C’est la dernière semaine de l’ancienne organisation (travail et baises).

Mercredi,

Jean fait sa dernière passe chez le vieux au valet. Dès que nous entrons, j’annonce la nouvelle au client. Il est content et nous demande d’attendre 5mn. Il revient avec mon enveloppe. Elle me parait plus épaisse que d’habitude. Le temps de monter à la chambre, je l’ouvre et effectivement il a ajouté 50%. Ça a du bon le changement de personnel !

Bien que la confiance se soit installée, je ne voudrais pas qu’il s’autorise sur Jean des « excentricités » pour sa dernière passe et je préfère rester avec eux.

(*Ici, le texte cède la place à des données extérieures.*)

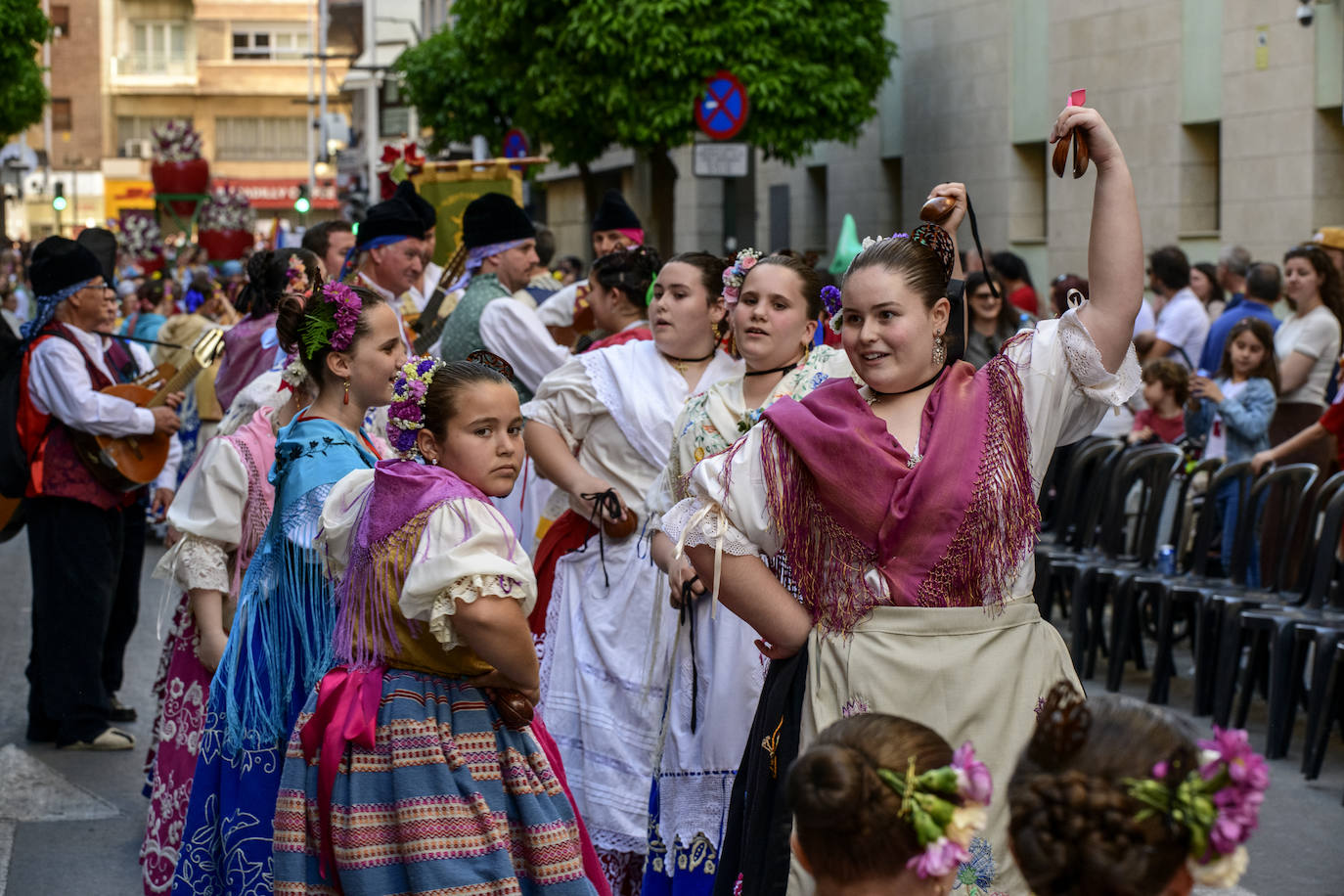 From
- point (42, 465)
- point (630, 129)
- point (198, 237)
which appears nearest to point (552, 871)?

Ce n’est pas désagréable d’autant plus que le valet (toujours aussi stylé et appétissant) vient me servir. Il m’offre un verre et comme j’écarte les cuisses (ce qui plaque bien mon jeans sur ma bite bandée) il s’agenouille et dégrafe ma braguette.
Je lui prends la tête ente mes mains et après qu’il eut dégagé ma queue, lui force (façon de parler, il est consentant) la bouche.  C’est un vorace en manque, il me l’avale jusqu’aux couilles.  Je dois plutôt le ralentir que le pousser à m’avaler entier !
Pendant ce temps là sur le lit à baldaquin, Jean se fait démonter la rondelle.
Je relève le valet et lui ordonne de quitter le bas. Je vais l’enculer à demi-déshabillé.
Il s’exécute et de lui-même se penche en appui sur un dossier de fauteuil, écartant des deux mains ses fesses. Sa rondelle glabre me fait toujours autant d’effet et kpoté, je m’enfonce avec délice dans ce trou.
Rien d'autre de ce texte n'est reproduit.